The refining-heat, like most other properties, varies with the carbon; the medium orange given is the proper heat for normal tool-steel of from about 90 to 110 carbon. Steel of 150 carbon will refine at about a dark orange, and steel of 50 to 60 carbon will require about a bright orange to refine it.
This range is small, but it must be observed and worked to if the best results are desired.
A color-blind person can never learn to harden steel properly.
In studying this phenomenon of refining, the conclusion was reached that it occurred at or immediately above the temperature that broke up the crystalline condition of cold steel and brought it fairly into the second, the plastic condition. Farther observation led to the conclusion that the coarser grain and greater hardness caused by higher heats were due to the gradual change from plastic toward granular condition that takes place as the heat increases. Later investigations have given no reason for changing these conclusions.
When the phenomenon of recalescence was observed and investigated by Osmond and others, different theories were advanced in explanation.
Langley concluded that if recalescence occurred at the change from a plastic to a crystalline condition, then the heat absorbed and again set free during such changes would account for the visible phenomenon of recalescence.
Again, if it should prove that recalescence occurred at the refining point, the conjunction of these phenomena would indicate strongly, first, that refining does occur at the point where this change of structure is complete in the reverse order, from crystalline to plastic; and second, the first being true, recalescence would be explained as stated, as indicating the inevitable absorption and emission of heat due to such a change.
Langley fitted up an electric apparatus for heating steel, in a box so placed that the light was practically uniform, that is, so that bright sunlight, or a cloudy sky, or passing clouds would not affect seriously the observation of heat-colors.

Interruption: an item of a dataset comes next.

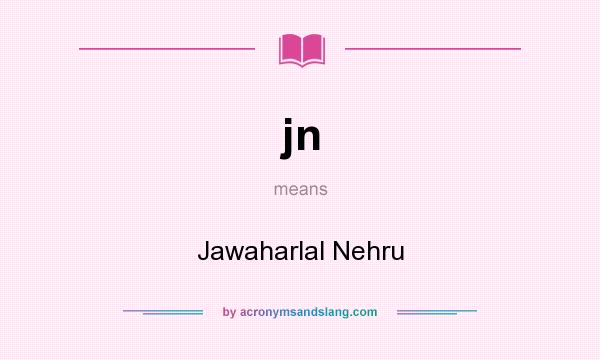 What does jn mean? It stands for Jawaharlal Nehru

Pieces of steel were heated far above recalescence, up to bright lemon, and then allowed to cool slowly; in this way recalescence was shown clearly.
It was found to occur at the refining heat in every case, shifting for different carbons just as the refining heat shifts.
Immediately under the pieces being observed was a vessel of water into which the pieces could be dropped and quenched. After observing the heating and cooling until the eye was well trained, pieces were quenched at different heats and the results were noted. It was found that in the ascending heats no great hardness was produced until the recalescence heat was reached or passed slightly; and in the descending heat excessive hardening occurred at a little below the recalescent heat, although no such hardening occurred at that color during ascending heats. This apparent anomaly is due simply to lag. If, in ascending, the piece be held for a few moments at the recalescent point, no increase being allowed, and then it be quenched, it will harden thoroughly and be refined. If, in descending, the cooling be arrested at a little below the recalescence for a few moments, neither increase nor decrease being allowed, and then the piece be quenched, it will not harden any better than if it be quenched immediately upon reaching the same heat in ascending.
Time must be allowed for the changes to take place, and lag must be provided for.
These experiments show that refining and recalescence take place at the same temperature.